Dataset content:
..........

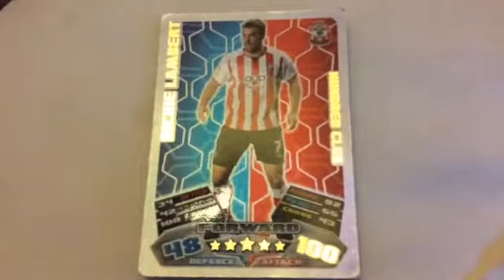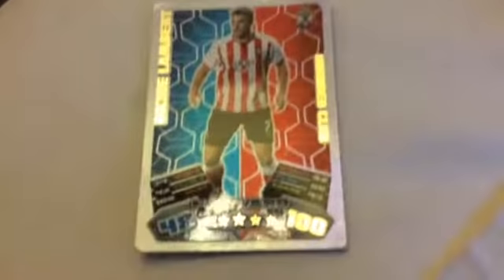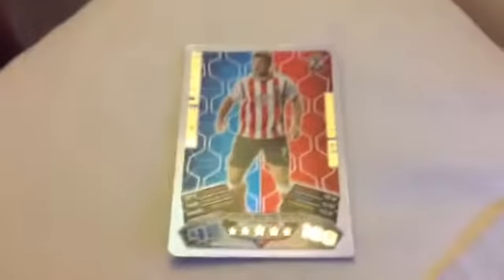That's the Rickie Lambert 100 Club card. And if you didn't know, I have a Southampton shirt with Rickie Lambert on the back because I'm quite a big fan of Rickie Lambert, so it's really good to have his card here.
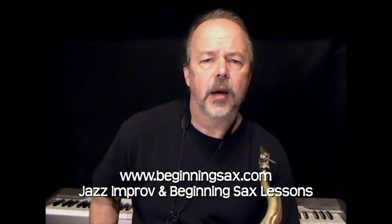Hey, Randy Hunter here from Beginningsax.com. In this Jazz Sax Quick Licks and Tips video, I want to show you an exercise that will help reinforce some of the fundamentals of learning to play jazz saxophone.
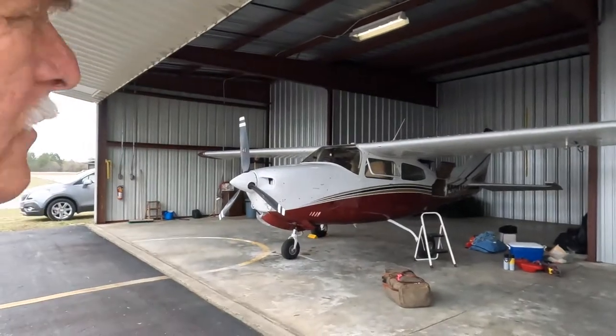Hey everybody, good afternoon. It's Mike Jones and I'm here in the hangar with 7591 November, and we're getting ready to head to Sun 'n Fun down in Lakeland, Florida tomorrow morning first thing. So I'm out at the airport doing a little bit of pre-flighting and making sure everything's loaded properly and stashed the way I want it.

..........

Set down the whole listing word for word, omitting the pictures.

That's the Rickie Lambert 100 Club card. And if you didn't know, I have a Southampton shirt with Rickie Lambert on the back because I'm quite a big fan of Rickie Lambert, so it's really good to have his card here.
Hey, Randy Hunter here from Beginningsax.com. In this Jazz Sax Quick Licks and Tips video, I want to show you an exercise that will help reinforce some of the fundamentals of learning to play jazz saxophone.
Hey everybody, good afternoon. It's Mike Jones and I'm here in the hangar with 7591 November, and we're getting ready to head to Sun 'n Fun down in Lakeland, Florida tomorrow morning first thing. So I'm out at the airport doing a little bit of pre-flighting and making sure everything's loaded properly and stashed the way I want it.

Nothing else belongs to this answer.